── Records for the task ──
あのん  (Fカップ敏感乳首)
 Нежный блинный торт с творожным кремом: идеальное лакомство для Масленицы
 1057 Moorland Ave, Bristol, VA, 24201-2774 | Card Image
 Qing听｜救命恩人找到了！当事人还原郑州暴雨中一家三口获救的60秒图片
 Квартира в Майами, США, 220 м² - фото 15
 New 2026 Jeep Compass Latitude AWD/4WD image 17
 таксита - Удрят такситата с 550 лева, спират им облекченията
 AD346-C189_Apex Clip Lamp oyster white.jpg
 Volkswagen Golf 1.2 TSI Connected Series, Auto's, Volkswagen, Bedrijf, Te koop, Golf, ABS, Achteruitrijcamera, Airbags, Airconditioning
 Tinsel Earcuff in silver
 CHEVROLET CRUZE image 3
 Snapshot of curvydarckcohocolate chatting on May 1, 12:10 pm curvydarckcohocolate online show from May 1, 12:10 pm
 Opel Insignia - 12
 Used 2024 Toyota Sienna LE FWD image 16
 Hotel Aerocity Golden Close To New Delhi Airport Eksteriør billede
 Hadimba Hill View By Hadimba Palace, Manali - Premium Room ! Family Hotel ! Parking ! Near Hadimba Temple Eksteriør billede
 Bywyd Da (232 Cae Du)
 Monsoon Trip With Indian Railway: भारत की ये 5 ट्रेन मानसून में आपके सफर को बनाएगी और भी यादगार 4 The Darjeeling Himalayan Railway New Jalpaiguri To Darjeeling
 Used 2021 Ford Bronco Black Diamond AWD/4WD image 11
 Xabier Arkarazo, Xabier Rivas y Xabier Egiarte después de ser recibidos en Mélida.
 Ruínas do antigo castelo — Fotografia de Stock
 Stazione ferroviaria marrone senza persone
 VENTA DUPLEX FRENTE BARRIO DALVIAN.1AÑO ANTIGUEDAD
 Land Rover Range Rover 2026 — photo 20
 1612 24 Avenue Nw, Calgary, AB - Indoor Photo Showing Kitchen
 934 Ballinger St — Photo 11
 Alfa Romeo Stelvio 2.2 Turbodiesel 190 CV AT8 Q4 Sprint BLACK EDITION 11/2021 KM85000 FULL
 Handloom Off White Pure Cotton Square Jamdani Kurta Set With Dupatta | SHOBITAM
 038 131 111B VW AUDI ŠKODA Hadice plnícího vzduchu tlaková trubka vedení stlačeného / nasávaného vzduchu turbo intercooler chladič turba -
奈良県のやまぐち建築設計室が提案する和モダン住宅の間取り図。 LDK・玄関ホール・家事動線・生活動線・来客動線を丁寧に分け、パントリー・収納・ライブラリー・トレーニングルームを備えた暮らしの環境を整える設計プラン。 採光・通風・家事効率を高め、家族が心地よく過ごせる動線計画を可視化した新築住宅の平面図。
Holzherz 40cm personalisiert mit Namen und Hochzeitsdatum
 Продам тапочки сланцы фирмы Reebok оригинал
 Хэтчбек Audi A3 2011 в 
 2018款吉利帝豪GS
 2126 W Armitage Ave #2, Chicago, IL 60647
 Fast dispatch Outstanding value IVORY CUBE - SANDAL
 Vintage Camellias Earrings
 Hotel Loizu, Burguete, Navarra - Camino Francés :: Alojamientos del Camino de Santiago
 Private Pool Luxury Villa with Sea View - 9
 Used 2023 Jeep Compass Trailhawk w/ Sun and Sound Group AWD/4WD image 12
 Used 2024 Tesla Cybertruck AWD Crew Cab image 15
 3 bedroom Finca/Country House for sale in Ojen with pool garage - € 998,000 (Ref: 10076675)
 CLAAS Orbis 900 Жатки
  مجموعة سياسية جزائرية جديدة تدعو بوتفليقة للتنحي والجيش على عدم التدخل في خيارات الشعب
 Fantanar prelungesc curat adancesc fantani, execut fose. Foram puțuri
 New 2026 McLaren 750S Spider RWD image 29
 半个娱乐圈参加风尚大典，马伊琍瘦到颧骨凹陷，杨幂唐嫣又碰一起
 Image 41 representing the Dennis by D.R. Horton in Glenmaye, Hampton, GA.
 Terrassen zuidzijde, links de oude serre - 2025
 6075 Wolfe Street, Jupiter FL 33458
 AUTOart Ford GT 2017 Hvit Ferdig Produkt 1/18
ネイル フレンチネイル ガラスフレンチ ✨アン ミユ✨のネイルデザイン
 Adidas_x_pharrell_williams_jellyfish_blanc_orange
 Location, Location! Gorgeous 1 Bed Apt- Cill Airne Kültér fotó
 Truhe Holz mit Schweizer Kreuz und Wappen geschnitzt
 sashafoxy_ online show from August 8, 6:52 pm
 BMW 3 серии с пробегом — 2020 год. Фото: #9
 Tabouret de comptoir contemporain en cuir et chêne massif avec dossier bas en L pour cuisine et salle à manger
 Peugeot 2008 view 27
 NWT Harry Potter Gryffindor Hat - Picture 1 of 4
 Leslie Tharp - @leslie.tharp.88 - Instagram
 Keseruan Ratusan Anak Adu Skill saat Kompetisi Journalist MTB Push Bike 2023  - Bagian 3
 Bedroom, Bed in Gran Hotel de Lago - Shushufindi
───
Exercise: Some lines in the records may hold "billede"; state how many do, and give no more than that number.

Written answer: 2